SAHARA – Service Architecture for Heterogeneous Access, Resources, and Applications

Web page: sahara.cs.berkeley.edu

Participating UC Berkeley Faculty:

Randy Katz (CS – )

We are engaged in a multi-year research program--the SAHARA Project--whose goal is to create end-to-end services with desirable and predictable properties, like performance and reliability, when provisioned from multiple and independent service providers. We seek to develop an architecture for future services that supports the dynamic confederation of sometimes collaborating and sometimes competing service providers.

Our primary investigations have thus far focused on interdomain and inter-ISP routing using BGP as a basic but essential "reachability service", voice over IP as a load and latency sensitive service, and unified messaging as a reliable yet asynchronous wide-area service spanning access networks. Generically, each one critically depends for performance and reliability on choosing good places to deploy processing and storage in the wide-area, and selecting good network paths to connect service instances to clients of those services.

These initial investigations have yielded a reference model to describe our service architecture. Composed services fall into either the connectivity or application plane. The former is built on the best-effort services provided by an IP network, enhancing basic reachability to provide an abstraction of an "end-to-end network with desirable properties". It is further divided into enhanced links and enhanced paths. Enhanced "links" are actually multi-hop connectivity under the control of a single service provider, such as a route through an ISP, or at the peering point between ISPs. They attain desirable properties through behavioral monitoring, to detect protocol errors or misconfigured or faulty components (e.g., routers and interconnect) that support the "link," and through intra-cloud or cloud boundary measurement and resource allocation services to achieve soft performance "guarantees." Enhanced paths are a sequence of enhanced links, providing desirable properties in an end-to-end path between end-points. A path could span multiple service provider domains. Choosing between alternative paths is made adaptively, via path-oriented resource allocation services across providers. Desirable properties such as performance and enhanced availability are achieved through load balancing across provider resources at this layer. Enhanced links are lighter weight than MPLS paths and require no special routing layer support, while enhanced paths carry the concept beyond MPLS to span multiple administrative domains.

Above connectivity is the application plane, which is used to build end-user applications.
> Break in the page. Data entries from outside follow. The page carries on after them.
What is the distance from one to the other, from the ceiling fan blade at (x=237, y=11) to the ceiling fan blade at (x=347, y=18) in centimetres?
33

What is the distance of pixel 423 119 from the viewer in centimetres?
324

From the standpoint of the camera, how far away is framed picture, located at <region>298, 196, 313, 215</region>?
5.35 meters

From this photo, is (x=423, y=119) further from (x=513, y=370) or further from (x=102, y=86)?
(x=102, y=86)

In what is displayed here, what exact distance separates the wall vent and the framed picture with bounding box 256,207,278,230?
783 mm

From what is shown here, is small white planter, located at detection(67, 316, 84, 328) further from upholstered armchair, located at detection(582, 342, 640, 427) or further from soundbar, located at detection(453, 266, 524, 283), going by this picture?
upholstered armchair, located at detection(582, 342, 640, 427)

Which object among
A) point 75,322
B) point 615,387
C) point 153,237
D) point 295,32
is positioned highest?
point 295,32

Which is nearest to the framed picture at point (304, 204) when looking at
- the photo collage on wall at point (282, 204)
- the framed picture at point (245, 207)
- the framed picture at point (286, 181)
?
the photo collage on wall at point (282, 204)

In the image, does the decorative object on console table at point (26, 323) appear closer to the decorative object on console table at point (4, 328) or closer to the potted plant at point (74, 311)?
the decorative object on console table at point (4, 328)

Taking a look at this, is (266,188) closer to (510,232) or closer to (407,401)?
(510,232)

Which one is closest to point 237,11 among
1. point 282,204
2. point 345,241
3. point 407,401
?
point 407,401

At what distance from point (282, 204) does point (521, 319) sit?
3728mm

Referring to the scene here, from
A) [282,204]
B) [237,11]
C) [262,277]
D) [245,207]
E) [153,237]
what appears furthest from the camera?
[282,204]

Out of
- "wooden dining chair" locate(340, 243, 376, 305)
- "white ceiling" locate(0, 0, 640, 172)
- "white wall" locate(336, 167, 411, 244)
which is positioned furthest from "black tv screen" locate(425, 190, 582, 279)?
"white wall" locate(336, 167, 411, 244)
The application layers of middleware and composition are above the connectivity plane’s end-to-end network. Middleware services reside in various places in the network, and are composed by establishing enhanced paths between service instances. This allows one service to stream its outputs to the inputs of a service with which it is composed. Middleware services enable applications, and thus are not directly visible to end-users. Examples include content-distribution-networks (CDNs), and data translation services such as transcoders, language translators, etc. suitable for achieving interworking between a variety of networks, access devices, and applications.

A new focus for our group is interdomain inter-service provider storage access ("storage wide-area networking") as a composed service within the SAHARA framework. Our particular challenge application will be datacenter disaster response; which we define as the low latency establishment of high speed connectivity to facilitate the rapid copying of huge data volumes to a remote (set of) site(s) as quickly as possible. In addition to the obvious requirements for high bandwidth and low latency from the underlying network transport, such an application demands the rapid identification of locations where storage resources are to found among storage service providers in the wide-area network, and an understanding of the geographical and topological diversity of those resources to give both a high confidence that the storage provider(s) will avoid the disaster and that not interfering paths can be found to exploit parallelism in the data copying operation.
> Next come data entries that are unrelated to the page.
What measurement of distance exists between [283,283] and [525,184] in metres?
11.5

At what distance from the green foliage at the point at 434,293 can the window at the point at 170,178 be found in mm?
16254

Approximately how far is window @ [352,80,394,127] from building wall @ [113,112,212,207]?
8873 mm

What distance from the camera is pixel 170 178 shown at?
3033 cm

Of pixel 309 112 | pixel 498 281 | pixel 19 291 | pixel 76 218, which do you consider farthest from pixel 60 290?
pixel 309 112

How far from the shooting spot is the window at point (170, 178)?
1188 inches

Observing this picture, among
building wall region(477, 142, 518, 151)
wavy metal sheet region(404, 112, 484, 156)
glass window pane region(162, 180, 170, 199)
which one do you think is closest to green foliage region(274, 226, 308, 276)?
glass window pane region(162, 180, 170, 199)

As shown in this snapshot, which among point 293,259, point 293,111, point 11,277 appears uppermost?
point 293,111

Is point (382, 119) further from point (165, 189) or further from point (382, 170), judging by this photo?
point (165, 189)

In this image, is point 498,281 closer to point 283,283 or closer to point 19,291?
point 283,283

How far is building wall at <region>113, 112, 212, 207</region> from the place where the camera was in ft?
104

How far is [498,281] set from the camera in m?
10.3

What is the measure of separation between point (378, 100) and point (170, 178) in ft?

We are in the process of defining the disaster response application in more detail, and intend to design and prototype the relevant underlying application and network services as proofs of concept. These will span enhanced connectivity (e.g., fast methods to identify parallel and orthogonal network paths between the client site and the storage service instances in the network) and resource management techniques (e.g., selection of candidate storage service provider based not only on storage availability but also on dynamically determined end-to-end network bandwidth).

We are interested in investigating how active network components can support such applications. For example, consider pre-existing trust relationships between client organizations and a particular storage service provider. But the latter may not be the best choice of provider to receive the disaster copy given current bandwidth and latency considerations. Thus an alternative provider might be selected if the data to be stored there can be encrypted on the fly using local processing resources. Other examples include automatically striping copy flows across multiple storage service provider instances to reduce overall latency, and the controlled introduction of redundancy, such as RAID-style parity to such wide-area copies.

A university network services research community is starting to emerge, and is jointly developing a wide-area services testbed called PlanetLab. PlanetLab: is a global overlay network spanning well over 100 sites exhibiting a rich diversity of link behavior, including some sites located at major routing and co-location centers of the Internet. While most of these sites will consist of modest resources, several will exhibit substantial processing and storage resources. For example, as part of the Millennium Project, Berkeley has a multiterabyte data storage facility interconnected via gigabit Ethernet with over 1000 Intel processors organized as a cluster distributed across the campus. We will use PlanetLab as the target environment for our prototypes, to quantify the true overheads in orthogonal path discovery and sustaining high end-to-end bandwidth between edge networks and storage service providers.